Problem to work on »
Line by line, print the records exactly as they are, dropping the pictures.

Available records »

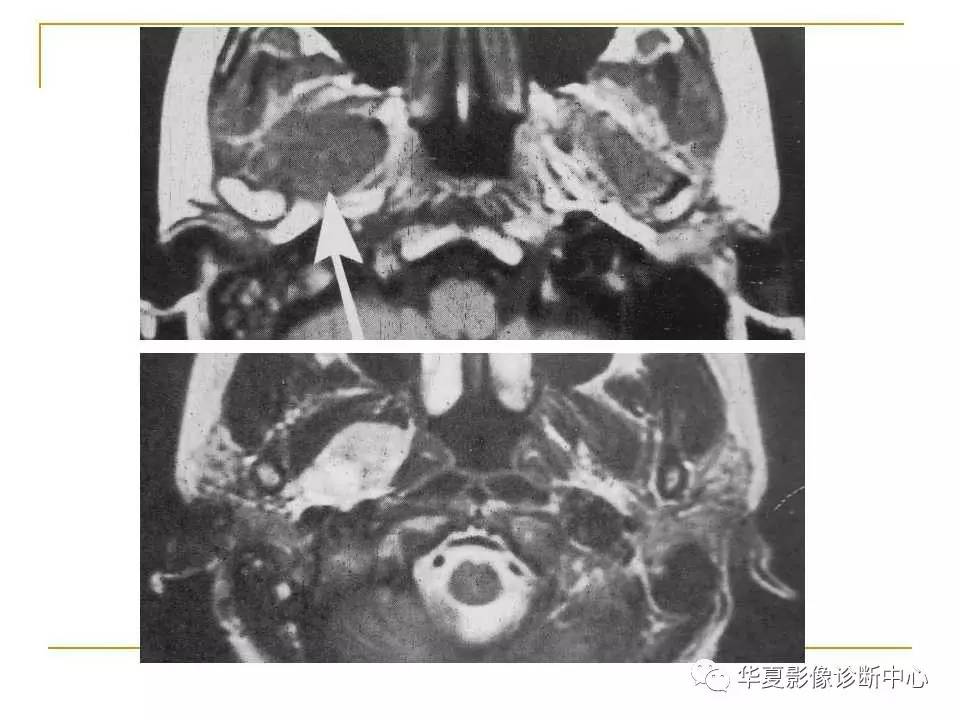 (干货)腮腺混合瘤mri诊断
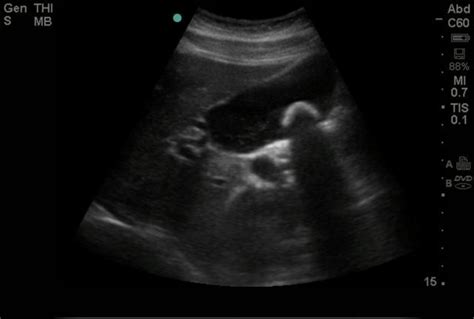 Figure Gallstone On Point Of Care Ultrasound Contributed By Emory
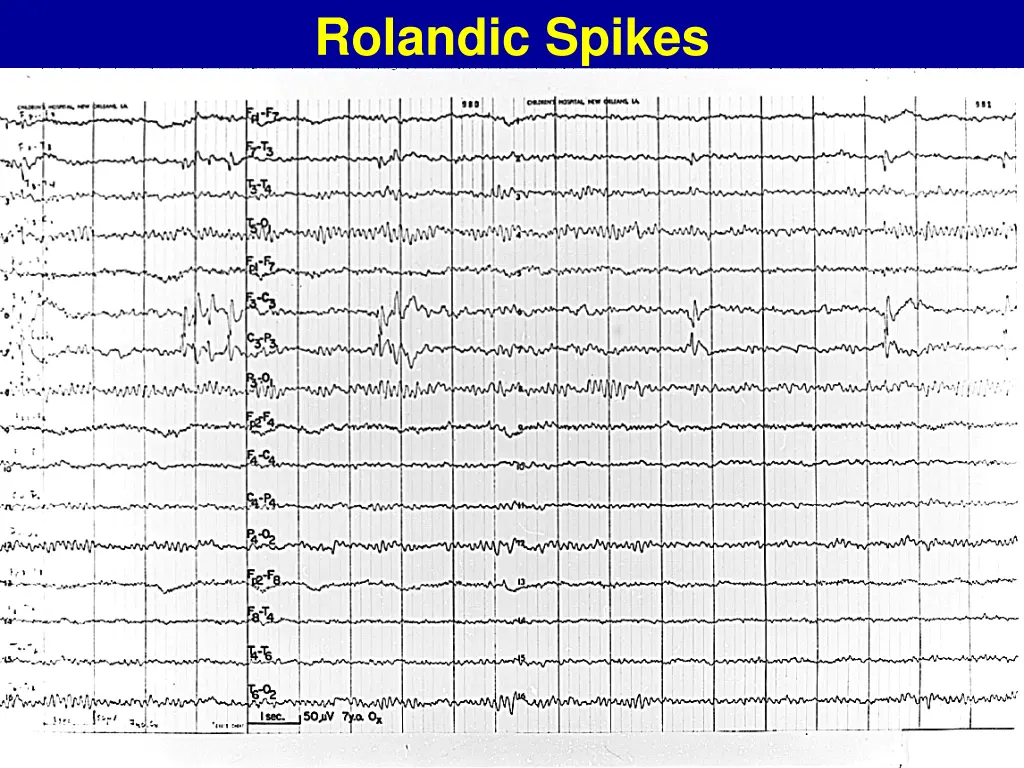 rolandic spikes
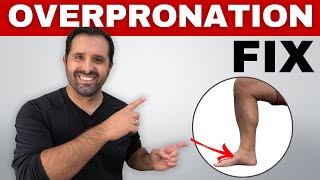 4 Exercises To Correct Overpronation In Runners To Prevent Injury [upl. by Aivilo]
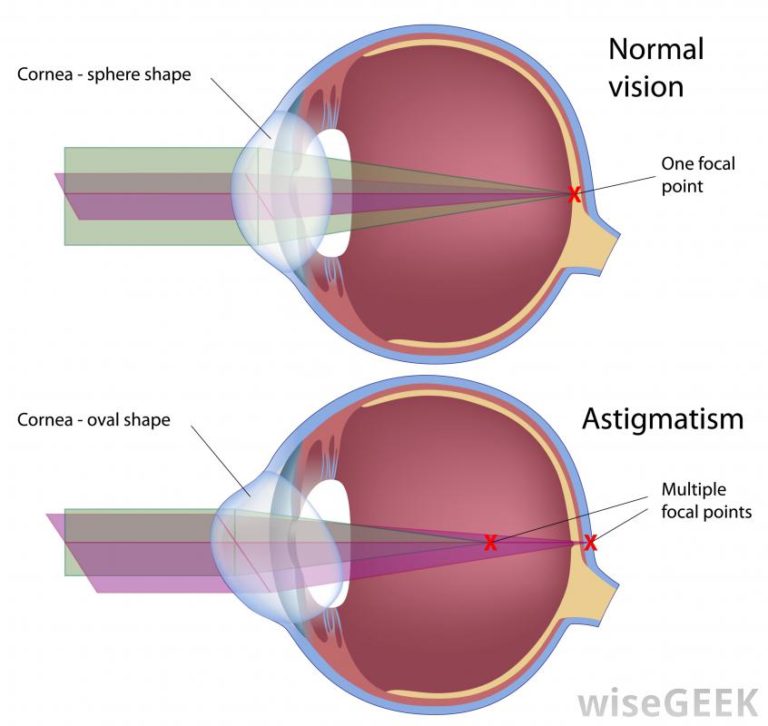 How much do toric lenses cost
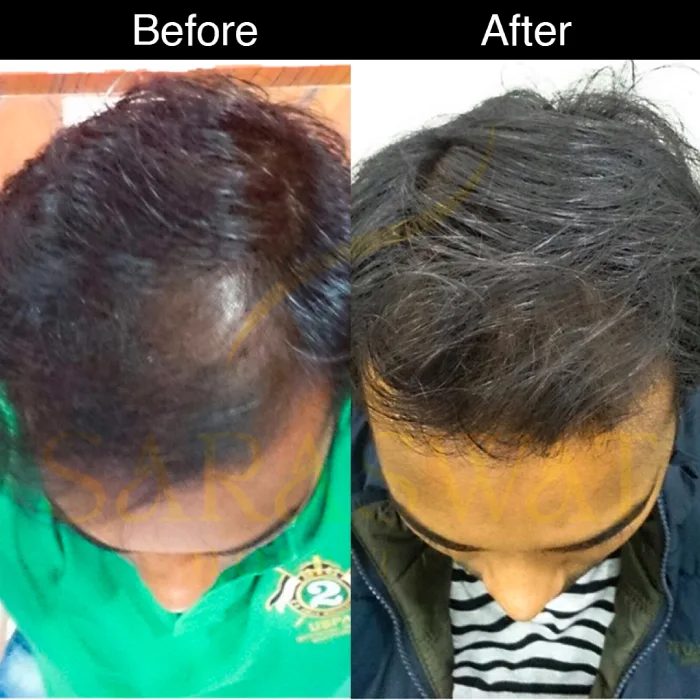 Mesotherapy Hair Results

Exercise output »
 (干货)腮腺混合瘤mri诊断
 Figure Gallstone On Point Of Care Ultrasound Contributed By Emory
 rolandic spikes
 4 Exercises To Correct Overpronation In Runners To Prevent Injury [upl. by Aivilo]
 How much do toric lenses cost
 Mesotherapy Hair Results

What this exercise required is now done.